Properties
One of the most difficult choices to make in life’s journey is whether or not to move into a retirement village, and on what terms. Weighing up the pros and cons is hugely personal, and circumstances vary from person to person.
And one of the most important things to wrap your head around, if you do make the move, is what sort of property contract you should enter into.
There are three possibilities offered in retirement villages – life rights, freehold and sectional title.
The three contracts explained
Freehold
As Rob Jones, managing director of a Retirement Property Company, explains: “You own the land and building, it’s your responsibility, you pay rates and taxes and there is a registered title deed in your name. You can leave it to your heirs and any gains in value would be for you. There may be some exit levy to pay to the complex, but it differs from place to place.”
Sectional title
With this option, says Jones: “You own a portion of the building, say an apartment or townhouse.
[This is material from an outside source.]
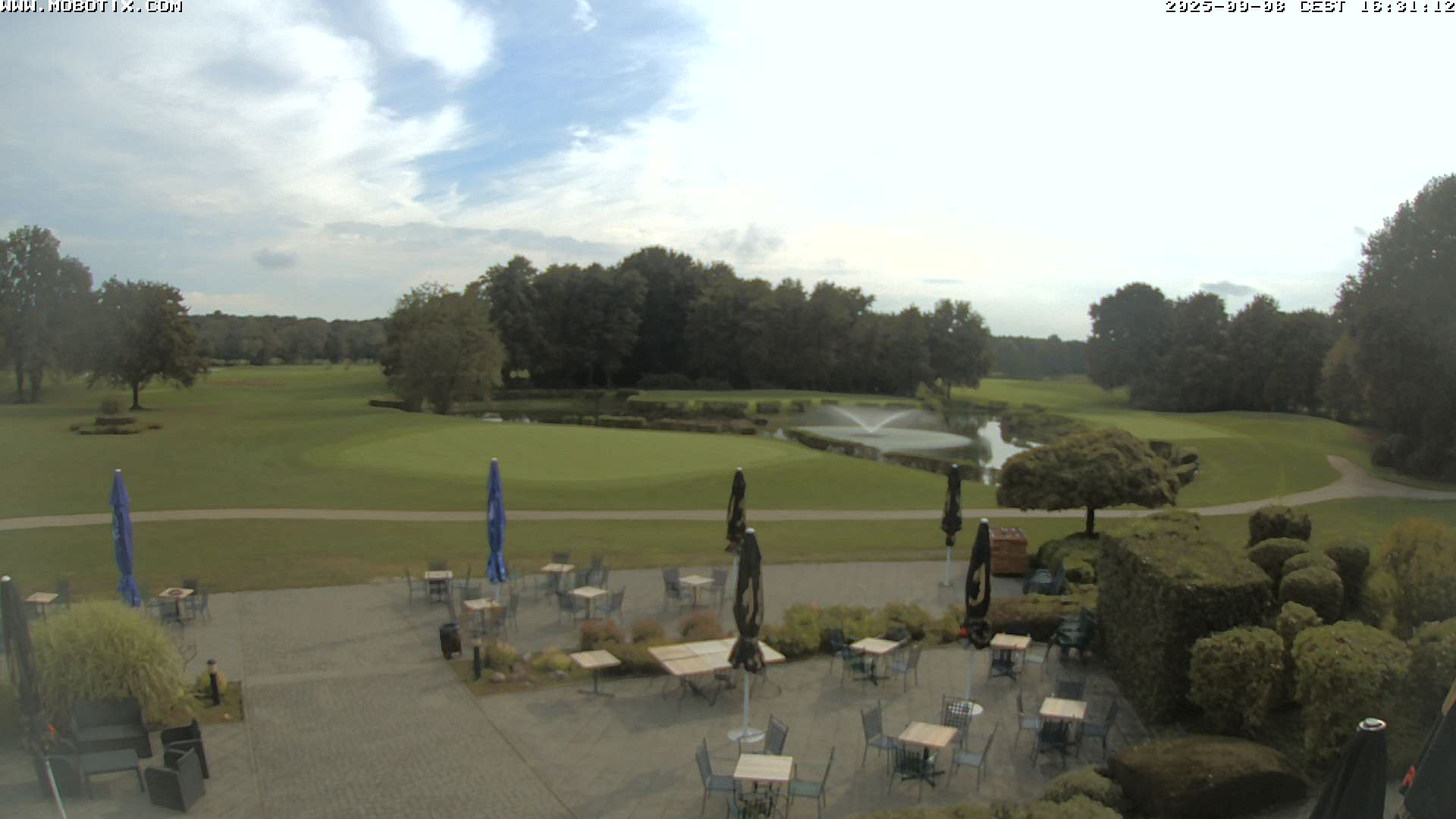 Webcam Golf Club Soufflenheim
You will have a title deed and you can leave it to your estate. You are responsible for internal maintenance, while the body corporate takes responsibility for outside maintenance as a general rule. You pay for that in your levies of course. There may be some exit levy to pay to the complex, but it differs from place to place.”
Life rights
“Essentially it’s a lease for the rest of your life,” says Jones. “You’re paying upfront for the occupation of the building for you and your spouse for the remainder of your lives.”
Details differ from village to village, but usually it means that if you pass away and your unit is sold, your estate will get back the amount you paid, but not any portion of the increase in value (gain).